TASK GOAL. Below are entries. Give back exactly the lines from the one containing "Hollow Suns at Exchange" through the one containing "2021 BYD Tang", inclusive, without the pictures.

RECORDS PROVIDED.
Segment Open
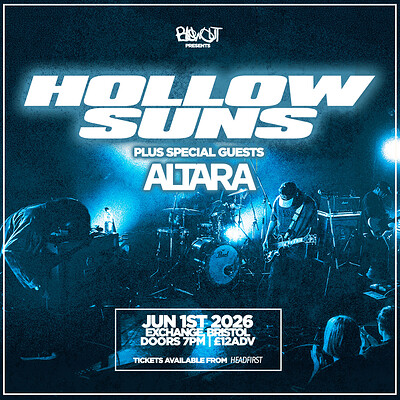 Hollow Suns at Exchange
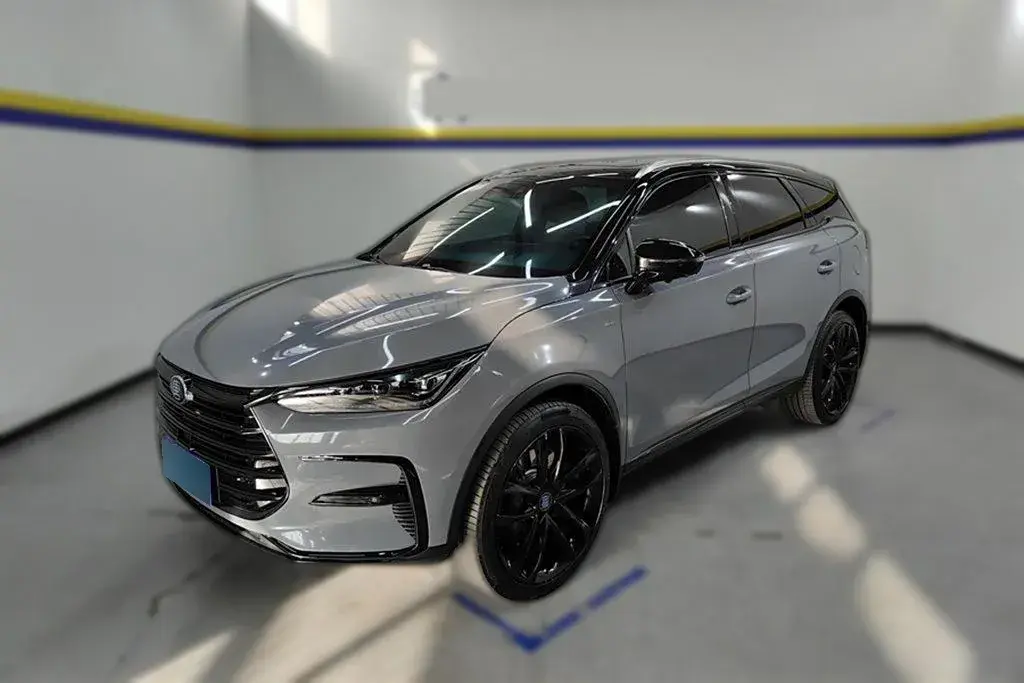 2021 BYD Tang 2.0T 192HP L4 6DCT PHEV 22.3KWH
Segment Closed
Segment Open
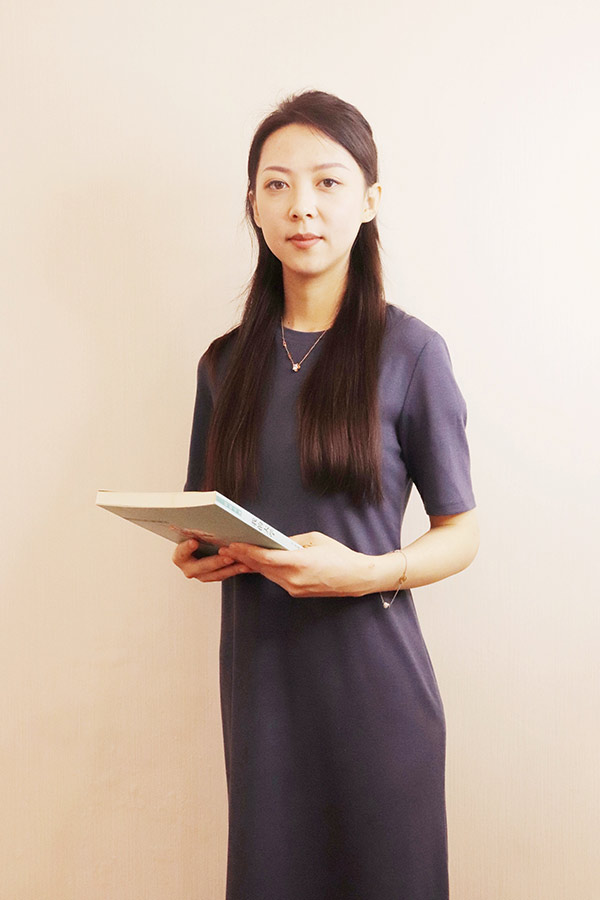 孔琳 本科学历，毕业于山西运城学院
Segment Closed
Segment Open
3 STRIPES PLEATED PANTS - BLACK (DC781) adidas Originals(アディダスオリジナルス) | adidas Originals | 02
Segment Closed
SOLUTION FOR THIS PROBLEM.
 Hollow Suns at Exchange
 2021 BYD Tang 2.0T 192HP L4 6DCT PHEV 22.3KWH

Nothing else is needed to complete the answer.